Fabulous 5 Friday: Books About Clothes and Style

 

I’m a sucker for style books. Not books about fashion, per se, but about personal style and the relationships we develop with clothing. Humans are highly visual and clothing is one of the many heuristics we use to make judgments, intentional or not. Anyone who says they don’t care about style or only wear what is comfortable is still making a style choice; it’s an unavoidable part of living in society. Humans value self-expression and we communicate through clothing in conscious and unconscious ways. If you doubt this, just think about how you feel when you go out dressed to the nines versus running to the store in your sweatpants. You feel different, don’t you? Whether one of those experiences is “better” than the other is up to personal preference, but they certainly are different.

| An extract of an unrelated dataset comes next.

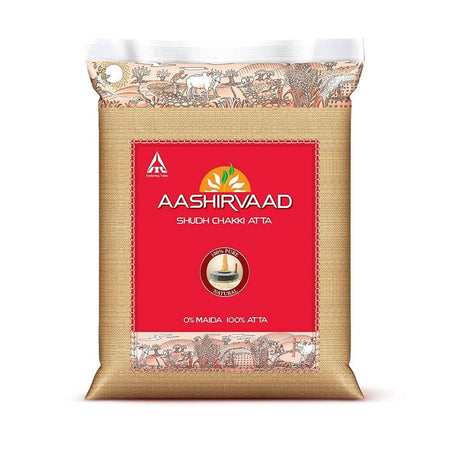 Aashirvaad 100% Whole Wheat Flour (atta) - 10 lbs Atta - Sale Cosmic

Personally, I find this sort of clothing-as-language phenomenon fascinating and I like to take some time, usually once or twice a year, to look at my closet and see what I’m saying to the world and what I would like to change. I also just really enjoy clothes.

 

These books are the “guides” (really more like inspiration) I use when my closet cleaning mood strikes. Each must be taken with a grain of salt; they are almost all written by people who work in the fashion world and are privileged financially and socially, and they tend to have a severe lack of body diversity. But they are all fun and helpful in their own, somewhat limited ways.

 

 

The Little Black Book of Style by Nina Garcia

 

You may know Garcia from her regular stint as a judge on Project Runway. She has been an editor and/or fashion director for several big name fashion magazines, most famously Elle and Marie Claire, so she certainly has her fashion credentials. What I really appreciate about Garcia’s take on the genre is that she is straightforward about the difference between having personal style versus simply following fashion. She may work in the fashion world (and come from a stylish, wealthy background) but she appreciates the little personal touches that make a wardrobe something genuinely expressive. She may namedrop like any fashion insider, but she doesn’t let that overshadow a genuine love for self-expression and self-respect. Plus, the watercolor illustrations by Ruben Toledo are fabulous.

 

The One Hundred by Nina Garcia

 

Perhaps this is cheating, but I had to give the second choice to Garcia as well (she’s written 4 books so far). The One Hundred is less about the “how to” and more a fun reference guide for the items that have proven themselves as staples time and time again. She gives advice on what pieces are worth investment versus which ones can be cheap fun while also giving little mini-history and pop culture lessons on various iconic items like trench coats and cashmere sweaters. There are a few chapters that are misses (in my personal opinion) but everyone’s list of “must haves” will vary and she acknowledges that, too. This one is also illustrated by Ruben Toledo.

 

I Love Your Style by Amanda Brooks

 

Amanda Brooks, much like Nina Garcia, comes from a pretty well-to-do background and has a lot of connections in the fashion world. Even so, she has a decidedly eclectic sense of style, which she illustrates (literally and figuratively) in this style-manual-cum-memoir. The photographs alone are worth the price of admission, but she has some pretty good advice to give, too. Anyone who has made as many questionable clothing decisions as Brooks has to have something worthwhile to teach. The beginning of the book is devoted to her life as a budding fashionista, while the rest is a sort of reference book for particular “types” of style and how that translates in all sorts of different ways for different people. I love looking at the vintage pictures of people like Cher and Bianca Jagger for inspiration, I just wish there was more body diversity.

 

The Sartorialist by Scott Schuman

 

Anyone with even a passing interest in clothes or street style blogs knows of The Sartorialist. While everything in the book can be seen online on the original blog, the book itself is like a little trove of amazing images that you can peruse when the mood strikes or you need a little inspiration. Unlike Garcia and Brooks, Scott Schuman isn’t focused on capturing one vision of personal style, but of celebrating it in all kinds of ways and on all types of people. There may still be some snobbery here and there, but it’s overall a supremely open-ended way to look at beauty and self-expression.

 

The Thoughful Dresser by Linda Grant

 

This is a book that looks at the personal ways we are affected by clothes, rather than offering any sort of style advice. “The only thing worse than being skint (poor) is looking skint.” Until I read this line in The Thoughtful Dresser, I had never fully processed the way I think about clothes and social class. We all know that clothing can be used to assess wealth on some level, but we forget that clothing can also allow for a sort of dignity that may be otherwise unavailable to someone who is struggling. Every time someone complains that a “poor” person spent money on new clothes instead of some other necessity, I think about this. Grant looks at clothing as a means to various ends: she looks at a woman “saved” by clothing after surviving a concentration camp, at women who were able to turn shopping into an act of independence, and at the many ways we use clothing as a marker of identity.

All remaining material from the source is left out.